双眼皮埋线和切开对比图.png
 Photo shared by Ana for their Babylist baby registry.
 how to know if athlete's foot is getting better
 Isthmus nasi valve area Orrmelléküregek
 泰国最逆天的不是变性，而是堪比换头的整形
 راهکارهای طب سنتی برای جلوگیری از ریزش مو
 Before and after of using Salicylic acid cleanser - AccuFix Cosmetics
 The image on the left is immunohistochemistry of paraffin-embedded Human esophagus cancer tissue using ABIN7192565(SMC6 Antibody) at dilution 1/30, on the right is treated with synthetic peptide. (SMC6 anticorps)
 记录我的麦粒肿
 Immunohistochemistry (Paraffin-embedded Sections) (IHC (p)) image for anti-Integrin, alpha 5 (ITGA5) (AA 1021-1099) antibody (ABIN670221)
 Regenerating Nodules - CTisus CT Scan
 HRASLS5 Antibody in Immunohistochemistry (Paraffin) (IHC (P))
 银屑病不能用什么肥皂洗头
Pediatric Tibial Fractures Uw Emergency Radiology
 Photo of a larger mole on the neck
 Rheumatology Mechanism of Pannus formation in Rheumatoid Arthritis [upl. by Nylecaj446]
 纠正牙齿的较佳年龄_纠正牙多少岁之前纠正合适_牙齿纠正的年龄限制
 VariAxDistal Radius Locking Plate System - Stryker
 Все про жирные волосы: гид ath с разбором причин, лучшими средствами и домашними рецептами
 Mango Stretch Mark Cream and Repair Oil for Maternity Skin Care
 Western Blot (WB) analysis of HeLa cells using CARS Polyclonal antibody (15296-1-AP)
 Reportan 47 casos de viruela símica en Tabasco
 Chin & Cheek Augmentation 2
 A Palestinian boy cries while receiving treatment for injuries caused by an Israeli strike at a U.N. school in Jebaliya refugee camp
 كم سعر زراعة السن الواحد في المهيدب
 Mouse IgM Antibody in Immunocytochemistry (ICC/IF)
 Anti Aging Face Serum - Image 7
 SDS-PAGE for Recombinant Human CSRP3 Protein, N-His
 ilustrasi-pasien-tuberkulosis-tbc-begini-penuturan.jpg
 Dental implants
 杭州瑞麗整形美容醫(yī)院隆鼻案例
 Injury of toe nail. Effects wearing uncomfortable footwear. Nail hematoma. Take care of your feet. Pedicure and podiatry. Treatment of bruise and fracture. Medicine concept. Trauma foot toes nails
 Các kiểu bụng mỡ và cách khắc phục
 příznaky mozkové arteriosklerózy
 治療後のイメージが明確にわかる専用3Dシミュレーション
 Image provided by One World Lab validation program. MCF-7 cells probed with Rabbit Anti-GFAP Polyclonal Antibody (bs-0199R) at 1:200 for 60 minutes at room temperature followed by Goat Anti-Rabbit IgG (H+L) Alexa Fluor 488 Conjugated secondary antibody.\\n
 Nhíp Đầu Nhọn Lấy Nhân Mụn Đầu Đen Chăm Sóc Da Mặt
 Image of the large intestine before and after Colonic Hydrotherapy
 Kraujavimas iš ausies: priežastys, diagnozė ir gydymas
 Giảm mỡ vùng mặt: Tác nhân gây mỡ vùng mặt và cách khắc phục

=======

■ What is being asked: Every line above from the line with "Rheumatology Mechanism of" to the line with "Все про жирные", both included, must be reproduced exactly, and no other line may appear.

■ Reply to the exercise:
 Rheumatology Mechanism of Pannus formation in Rheumatoid Arthritis [upl. by Nylecaj446]
 纠正牙齿的较佳年龄_纠正牙多少岁之前纠正合适_牙齿纠正的年龄限制
 VariAxDistal Radius Locking Plate System - Stryker
 Все про жирные волосы: гид ath с разбором причин, лучшими средствами и домашними рецептами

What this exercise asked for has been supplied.